My dear Mr. Chairman:
I understand that the House of Representatives will soon consider the Foreign Assistance Act of 1950. I believe the Congress of the United States has an opportunity to strike a major blow for peace on behalf of people everywhere by taking rapid and favorable action on this legislation.
Approval of this measure will give renewed hope and vigor to people everywhere who are working to achieve their economic independence and maintain their political freedom. Passage of this Act will strengthen all nations threatened with intimidation, subversion, or direct aggression.
It is in the interest of each American that there be a far greater measure of well-being in other lands. Other countries must be able to produce and procure from us and each other those things which will enable their people to have the food, health, and housing necessary to maintain economic and political stability.
Poverty, misery, and insecurity are the conditions on which communism thrives. Freedom-loving peoples can eliminate these conditions only by joining their knowledge and resources in a great cooperative effort.
The Foreign Assistance Act will authorize continued economic aid to the Marshall Plan countries in Europe and to the Republic of Korea to enable them, through their own efforts, to establish self-supporting economies. It will authorize aid where needed to those free countries in the general area of China whose survival is threatened by the imminent danger of communist infiltration. This Act will provide authority for a major effort to assist the peoples of southeast Asia.

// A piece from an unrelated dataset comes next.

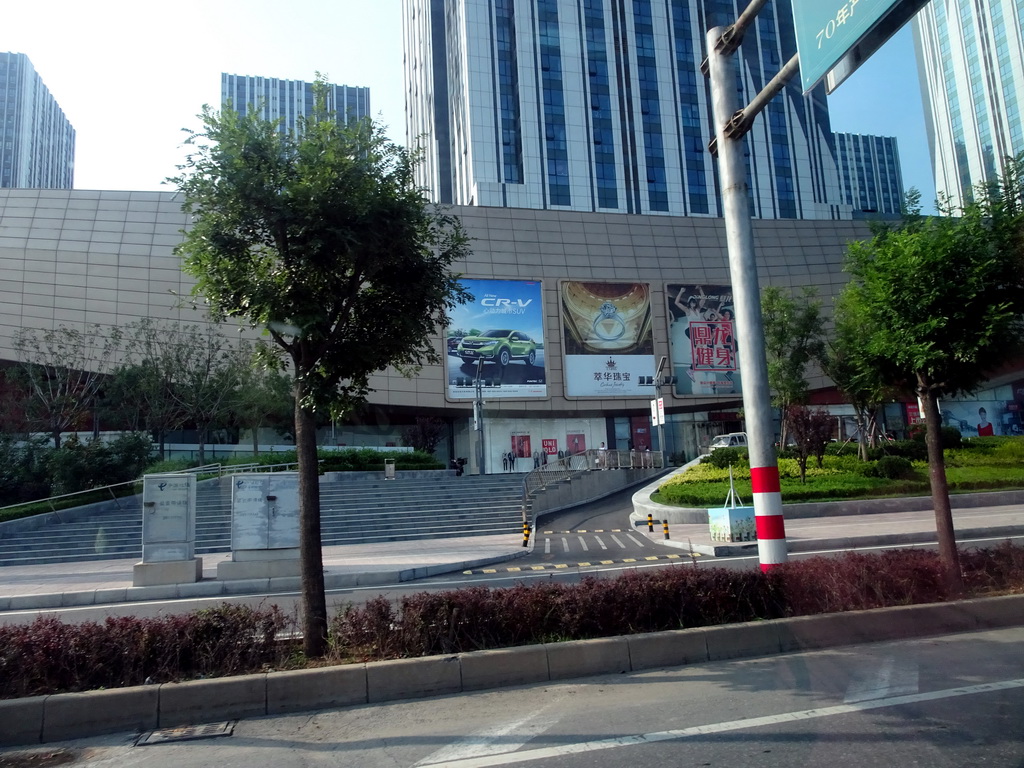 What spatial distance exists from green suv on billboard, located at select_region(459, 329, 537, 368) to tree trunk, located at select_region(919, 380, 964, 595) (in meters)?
39.3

It will provide for participation in the United Nations effort to solve the serious problem of the Palestine refugees. Satisfactory solution of this problem is fundamental to permanent peace in the Near East.
The Act will authorize the carrying forward of the vital program of technical and other assistance to under-developed countries which was the fourth point in my inaugural address. This will provide the peoples in under-developed areas of Asia, the middle East, and other parts of the world the hope and the tools they need to achieve and maintain real freedom for themselves.
The program called for by this Act is the minimum consistent with the interest of the United States and our efforts to achieve a peaceful world. Failure to enact it in its full amount would do irreparable damage. We cannot live isolated in relative wealth and abundance. We cannot ignore the urgent problems of other peoples or threats to their independence.
These measures are not acts of charity. Neither are they a waste of the resources of the United States. They are, indeed, the keystone of our protection against the destruction of another war and against the terrible weapons of this atomic age. Our armed forces can afford us a measure of defense, but real security for our Nation and all the rest of mankind can come only from building the kind of world where men can live together in peace.
The United States turned its back upon the rest of the world after the first world war. Some twenty years later, we found that we had to fight another world war. We cannot afford to follow that course again. We will save nothing if we ignore the needs of other nations now only to find that the result is World War Ill.
Passage of this Act will enable us in company with other nations to move a long step forward in our offensive for freedom and for peace. It will bring appreciably nearer the goal all freedom-loving peoples seek-a peace where all nations live in equality and mutual respect. It will be tangible evidence of our determination to achieve this kind of peace--evidence which will be understood by every nation in the world.
Sincerely yours,
HARRY S. TRUMAN
[Honorable John Kee, Chairman, Committee on Foreign Affairs, House of Representatives, Washington, D.C.]
NOTE: For the President's statement upon signing the Foreign Economic Assistance Act of 1950, see Item 154. The letter was released at Key West, Fla.